I love Duet Sock Yarn - the base yarn is lovely and the colours are always amazing. The yarn club is a nice treat, and always includes interesting patterns and great treats.

With my weird knitting craving out of the way I was able to begin work on the two gifts I had planned. Starting with a Kim Hargreaves mini poncho thing-y - Aimee from Thrown Together. I modified the pattern quite a bit beginning with a yarn substitution - doubled KidSilk Night instead of KidSilk Aura. I did this because the KSN was what I had in stash -- but I'd recommend it as a great way to cut the cost of the project! I used about 3 skeins of KSN rather than the 5 skeins of KidSilk Aura called for.

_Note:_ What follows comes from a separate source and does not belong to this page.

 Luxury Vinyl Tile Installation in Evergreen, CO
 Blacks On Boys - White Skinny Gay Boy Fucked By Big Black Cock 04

It's a reasonably quick project, and a good thing to work on while watching DVDs - in this case the first season of Lark Rise to Candleford. I missed this last year when it was on. It is perfect comfort viewing and I can see why it was very popular on Sunday nights. Not much happens but it's lovely to watch and very more-ish even if the stories do begin to blur together.

When it was finished I decided to make a flower accessory to finish it off - and I'm quite pleased with what I came up with. It's amazing what a bit of scrap yarn, a crochet hook and a few beads can become.

Gen loves it - although it's fair to say she was a bit perplexed by what the tube was when she first opened it! It definitely improves on wearing.

For Caroline I wanted to make something with some of the lovely Posh Yarn cashmere I accumulated late last year. I picked out a gorgeous warm pumpkin coloured aran yarn and began looking for the perfect pattern. I started and frogged about 4 different patterns before settling on this design which I remembered from Knitting New Scarves. I didn't use the pattern, just cast 25 stitches on to 8mm needles, knit in garter stitch until it was a pleasing size (36 rows) and then on the next row cast off 12 stitches from one end and cast on 12 stitches on the other. I repeated that until I ran out of yarn.

The scarf is about 6 1/2 ft long and more importantly super soft and warm. She seemed very pleased with it and I've seen her wearing it a few times since so I'll take it as a success.